Jorge Fornes est quasiment méconnaissable entre ce que j'ai lu jusque-là de lui et ce qu'il produit ici. Non pas qu'il ait changé de style, mais plutôt parce que le script de King semble si cadré, si précis, que l'artiste donne le meilleur de lui pour lui faire honneur. Le résultat, ce sont des pages extraordinaires de rigueur, de densité, de détails, de justesse. Chaque plan est parfait, avec la bonne valeur, la bonne composition, le bon angle. Il y a une austérité qui sied à merveille à Fornes, qui ne dessine plus de cases avec cette impression de maladresse, de vide. Ce réalisme sec, sobre, exigeant, l'oblige à vraiment repousser ses limites et à les dépasser.

Et quand on arrive à ce fameux passage où il parodie Ditko via le comic-book du Citizen de Myerson, c'est à la fois confondant et impeccable. King ne se moque pas de Ditko et de ses héros, et Fornes est également dans le respect de ces créations. Il les copie avec savoir-faire. La question (c'est le cas de le dire) n'est pas de prétendre que Ditko était un homme en colère, victime de brimades sentimentales et se défoulant sur le papier, mais plutôt de montrer comment un artiste équivalent à Ditko, soumis à ce genre de problèmes personnels, aurait pu réagir.
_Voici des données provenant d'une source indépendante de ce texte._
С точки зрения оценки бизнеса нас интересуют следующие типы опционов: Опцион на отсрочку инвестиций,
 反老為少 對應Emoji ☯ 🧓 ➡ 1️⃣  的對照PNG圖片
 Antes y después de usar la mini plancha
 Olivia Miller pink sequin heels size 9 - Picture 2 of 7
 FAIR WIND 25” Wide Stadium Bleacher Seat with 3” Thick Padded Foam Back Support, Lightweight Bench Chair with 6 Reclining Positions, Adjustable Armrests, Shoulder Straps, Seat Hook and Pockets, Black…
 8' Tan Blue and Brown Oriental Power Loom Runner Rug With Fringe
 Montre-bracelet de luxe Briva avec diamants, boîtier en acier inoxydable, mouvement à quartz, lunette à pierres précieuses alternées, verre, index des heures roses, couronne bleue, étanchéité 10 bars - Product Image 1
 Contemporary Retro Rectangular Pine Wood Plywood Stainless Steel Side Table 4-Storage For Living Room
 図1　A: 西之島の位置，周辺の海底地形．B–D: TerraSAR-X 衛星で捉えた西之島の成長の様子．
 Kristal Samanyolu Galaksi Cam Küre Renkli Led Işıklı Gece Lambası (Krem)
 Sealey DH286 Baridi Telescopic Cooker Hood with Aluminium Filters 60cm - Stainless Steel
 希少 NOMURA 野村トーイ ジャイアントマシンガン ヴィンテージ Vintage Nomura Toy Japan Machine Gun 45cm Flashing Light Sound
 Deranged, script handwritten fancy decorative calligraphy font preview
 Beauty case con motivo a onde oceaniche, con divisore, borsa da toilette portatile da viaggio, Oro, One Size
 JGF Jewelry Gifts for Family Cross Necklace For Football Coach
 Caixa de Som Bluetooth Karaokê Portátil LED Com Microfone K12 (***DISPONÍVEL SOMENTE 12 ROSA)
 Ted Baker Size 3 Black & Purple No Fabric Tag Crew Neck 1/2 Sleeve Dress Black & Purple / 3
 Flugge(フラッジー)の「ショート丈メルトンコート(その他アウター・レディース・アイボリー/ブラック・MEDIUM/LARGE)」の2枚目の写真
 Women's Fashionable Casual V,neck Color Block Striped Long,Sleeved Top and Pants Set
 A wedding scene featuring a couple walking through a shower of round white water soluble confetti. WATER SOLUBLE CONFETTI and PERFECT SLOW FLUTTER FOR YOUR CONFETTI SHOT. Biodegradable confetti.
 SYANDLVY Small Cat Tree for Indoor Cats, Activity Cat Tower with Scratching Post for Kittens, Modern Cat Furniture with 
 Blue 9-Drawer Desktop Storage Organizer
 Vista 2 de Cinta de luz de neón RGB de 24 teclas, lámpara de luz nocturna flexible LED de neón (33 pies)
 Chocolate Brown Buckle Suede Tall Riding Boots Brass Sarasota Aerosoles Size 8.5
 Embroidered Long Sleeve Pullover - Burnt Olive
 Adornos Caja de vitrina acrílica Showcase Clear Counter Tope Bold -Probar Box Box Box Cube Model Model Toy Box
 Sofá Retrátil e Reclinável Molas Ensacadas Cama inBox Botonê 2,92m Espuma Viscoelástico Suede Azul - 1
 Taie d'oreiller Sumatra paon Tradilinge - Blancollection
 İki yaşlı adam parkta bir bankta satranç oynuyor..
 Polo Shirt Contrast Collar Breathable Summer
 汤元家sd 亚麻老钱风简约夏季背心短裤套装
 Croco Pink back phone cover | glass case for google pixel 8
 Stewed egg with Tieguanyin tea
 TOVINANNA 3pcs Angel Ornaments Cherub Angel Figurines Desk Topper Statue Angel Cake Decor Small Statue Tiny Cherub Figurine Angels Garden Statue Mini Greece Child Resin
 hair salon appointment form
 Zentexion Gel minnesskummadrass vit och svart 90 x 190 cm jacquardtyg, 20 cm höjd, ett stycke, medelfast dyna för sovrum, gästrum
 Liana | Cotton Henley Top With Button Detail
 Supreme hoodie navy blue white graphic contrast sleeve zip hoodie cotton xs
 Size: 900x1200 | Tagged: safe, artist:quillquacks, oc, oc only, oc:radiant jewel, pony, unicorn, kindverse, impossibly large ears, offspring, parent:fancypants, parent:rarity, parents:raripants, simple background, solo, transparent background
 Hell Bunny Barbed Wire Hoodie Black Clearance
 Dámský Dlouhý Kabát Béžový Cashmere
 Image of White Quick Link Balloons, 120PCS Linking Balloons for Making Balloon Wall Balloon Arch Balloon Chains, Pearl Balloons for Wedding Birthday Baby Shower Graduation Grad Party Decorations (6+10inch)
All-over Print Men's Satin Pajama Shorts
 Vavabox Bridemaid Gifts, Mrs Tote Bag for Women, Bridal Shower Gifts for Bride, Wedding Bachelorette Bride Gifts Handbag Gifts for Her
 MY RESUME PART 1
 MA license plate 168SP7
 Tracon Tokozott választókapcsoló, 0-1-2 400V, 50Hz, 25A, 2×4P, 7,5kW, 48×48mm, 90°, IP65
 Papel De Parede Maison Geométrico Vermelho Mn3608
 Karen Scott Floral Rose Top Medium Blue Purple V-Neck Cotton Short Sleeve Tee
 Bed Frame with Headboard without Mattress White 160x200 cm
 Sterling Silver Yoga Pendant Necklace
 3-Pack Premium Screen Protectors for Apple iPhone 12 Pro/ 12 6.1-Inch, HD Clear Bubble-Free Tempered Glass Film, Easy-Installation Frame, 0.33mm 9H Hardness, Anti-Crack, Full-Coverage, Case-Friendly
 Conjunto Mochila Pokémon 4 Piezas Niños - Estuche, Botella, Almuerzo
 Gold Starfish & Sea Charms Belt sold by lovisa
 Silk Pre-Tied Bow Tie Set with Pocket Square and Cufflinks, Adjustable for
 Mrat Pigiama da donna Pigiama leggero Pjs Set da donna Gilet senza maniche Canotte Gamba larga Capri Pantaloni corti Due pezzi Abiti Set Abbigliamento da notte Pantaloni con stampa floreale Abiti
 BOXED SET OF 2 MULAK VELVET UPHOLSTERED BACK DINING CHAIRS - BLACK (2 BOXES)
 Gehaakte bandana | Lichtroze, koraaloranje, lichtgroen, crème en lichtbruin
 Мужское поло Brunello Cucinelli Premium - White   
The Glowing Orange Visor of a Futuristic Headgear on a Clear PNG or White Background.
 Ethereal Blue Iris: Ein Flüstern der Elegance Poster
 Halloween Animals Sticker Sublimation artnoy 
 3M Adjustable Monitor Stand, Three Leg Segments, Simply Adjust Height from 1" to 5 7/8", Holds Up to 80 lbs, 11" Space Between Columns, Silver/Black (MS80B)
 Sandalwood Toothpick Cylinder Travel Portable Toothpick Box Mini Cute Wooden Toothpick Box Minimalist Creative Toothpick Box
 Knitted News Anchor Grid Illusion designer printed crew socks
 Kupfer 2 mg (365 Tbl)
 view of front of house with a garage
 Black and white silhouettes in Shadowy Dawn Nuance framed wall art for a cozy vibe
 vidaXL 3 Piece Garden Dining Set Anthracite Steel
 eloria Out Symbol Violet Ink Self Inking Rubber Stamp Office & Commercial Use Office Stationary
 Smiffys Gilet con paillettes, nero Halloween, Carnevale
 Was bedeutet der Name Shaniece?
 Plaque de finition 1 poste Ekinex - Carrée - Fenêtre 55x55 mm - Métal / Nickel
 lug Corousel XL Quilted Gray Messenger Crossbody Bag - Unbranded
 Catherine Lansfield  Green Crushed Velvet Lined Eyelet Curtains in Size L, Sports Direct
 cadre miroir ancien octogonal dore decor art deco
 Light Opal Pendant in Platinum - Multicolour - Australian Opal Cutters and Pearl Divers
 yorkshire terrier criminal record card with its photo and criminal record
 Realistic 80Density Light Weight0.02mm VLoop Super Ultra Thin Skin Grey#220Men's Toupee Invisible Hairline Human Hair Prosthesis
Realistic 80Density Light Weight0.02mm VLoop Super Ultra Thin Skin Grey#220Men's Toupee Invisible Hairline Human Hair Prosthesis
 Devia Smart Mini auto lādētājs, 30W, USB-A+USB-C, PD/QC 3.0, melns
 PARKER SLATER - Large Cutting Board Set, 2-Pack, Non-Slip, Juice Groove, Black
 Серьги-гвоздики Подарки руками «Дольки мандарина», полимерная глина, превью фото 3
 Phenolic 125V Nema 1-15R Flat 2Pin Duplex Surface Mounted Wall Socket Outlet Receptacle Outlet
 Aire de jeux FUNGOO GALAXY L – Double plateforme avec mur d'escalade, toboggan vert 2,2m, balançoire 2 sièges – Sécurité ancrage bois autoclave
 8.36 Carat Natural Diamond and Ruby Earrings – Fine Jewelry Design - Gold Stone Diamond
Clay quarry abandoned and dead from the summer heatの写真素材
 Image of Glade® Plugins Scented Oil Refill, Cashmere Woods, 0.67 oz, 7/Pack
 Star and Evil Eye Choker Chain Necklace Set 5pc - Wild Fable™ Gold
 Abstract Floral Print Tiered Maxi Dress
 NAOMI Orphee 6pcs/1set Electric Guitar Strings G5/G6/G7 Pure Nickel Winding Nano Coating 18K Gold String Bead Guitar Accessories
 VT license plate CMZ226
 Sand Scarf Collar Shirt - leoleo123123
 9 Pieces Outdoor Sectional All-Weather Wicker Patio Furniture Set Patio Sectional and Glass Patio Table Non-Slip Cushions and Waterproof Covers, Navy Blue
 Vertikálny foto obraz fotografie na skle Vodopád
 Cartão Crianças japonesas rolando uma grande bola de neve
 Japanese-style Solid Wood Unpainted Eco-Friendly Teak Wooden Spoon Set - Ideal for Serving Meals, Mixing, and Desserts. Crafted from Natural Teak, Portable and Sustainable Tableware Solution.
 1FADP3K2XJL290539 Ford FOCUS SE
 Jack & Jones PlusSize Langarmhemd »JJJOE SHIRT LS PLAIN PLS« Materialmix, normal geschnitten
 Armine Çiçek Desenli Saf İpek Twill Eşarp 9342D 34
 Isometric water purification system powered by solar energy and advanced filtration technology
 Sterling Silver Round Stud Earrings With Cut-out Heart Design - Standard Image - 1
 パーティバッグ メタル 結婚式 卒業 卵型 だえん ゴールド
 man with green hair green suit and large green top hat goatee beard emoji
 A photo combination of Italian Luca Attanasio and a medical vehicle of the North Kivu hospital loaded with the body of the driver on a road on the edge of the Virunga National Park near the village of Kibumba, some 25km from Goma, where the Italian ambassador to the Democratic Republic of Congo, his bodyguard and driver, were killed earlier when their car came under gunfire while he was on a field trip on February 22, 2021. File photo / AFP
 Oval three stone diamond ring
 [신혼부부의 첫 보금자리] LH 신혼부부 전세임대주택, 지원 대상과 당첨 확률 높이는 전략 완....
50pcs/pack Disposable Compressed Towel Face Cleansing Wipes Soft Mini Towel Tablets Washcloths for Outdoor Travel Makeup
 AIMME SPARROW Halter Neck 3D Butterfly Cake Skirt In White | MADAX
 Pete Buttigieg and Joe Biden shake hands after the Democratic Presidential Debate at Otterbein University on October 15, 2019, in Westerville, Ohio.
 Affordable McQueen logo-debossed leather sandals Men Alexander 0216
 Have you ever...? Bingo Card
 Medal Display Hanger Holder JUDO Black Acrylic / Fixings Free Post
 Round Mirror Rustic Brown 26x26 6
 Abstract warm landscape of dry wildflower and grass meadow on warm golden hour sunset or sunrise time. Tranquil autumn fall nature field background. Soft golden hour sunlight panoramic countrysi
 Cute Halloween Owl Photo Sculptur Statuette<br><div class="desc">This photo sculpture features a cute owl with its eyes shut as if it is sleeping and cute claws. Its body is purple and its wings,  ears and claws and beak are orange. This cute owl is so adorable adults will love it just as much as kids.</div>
Et au-delà de la planche.

Curieusement, c'est grâce à ces pages en noir et blanc, soignées au point d'avoir conservé les traces de crayonnés pour bien montrer qu'il s'agissait de planches inachevées, que la formidable contribution aux couleurs de Dave Stewart est mise en valeur. Car ce dernier magnifie le dessin de Fornes avec un palette renversante. Stewart n'est pas du genre à mettre en couleurs avec des effets tape-à-l'oeil, au point parfois qu'on mésestime son apport. Il utilise des tons simples et en tire le meilleur pour souligner les différentes époques de la narration et unifier en même temps tout le récit. On évolue ici dans des teintes brunes, beiges, douces, chaleureuses, et en même temps ternes, jaunissantes, comme marquées par le passage des ans. On pense là aussi à la photo des films des années 70, auquel le look général de la série renvoie via des détails (le pager du Détective par exemple, outil d'un autre temps que l'époque à laquelle se déroule pourtant l'intrigue).

Ce remarquable duo graphique et l'écriture ciselée font de Rorschach un objet atypique, pour l'heure totalement déconnecté du super-héroïsme, n'entretenant qu'un rapport vague avec la création de Moore. On peut être dérouté par le projet, voire même juger la référence mensongère. Mais le rythme est pénétrant, l'atmosphère captivante, et le mystère loin d'être percé.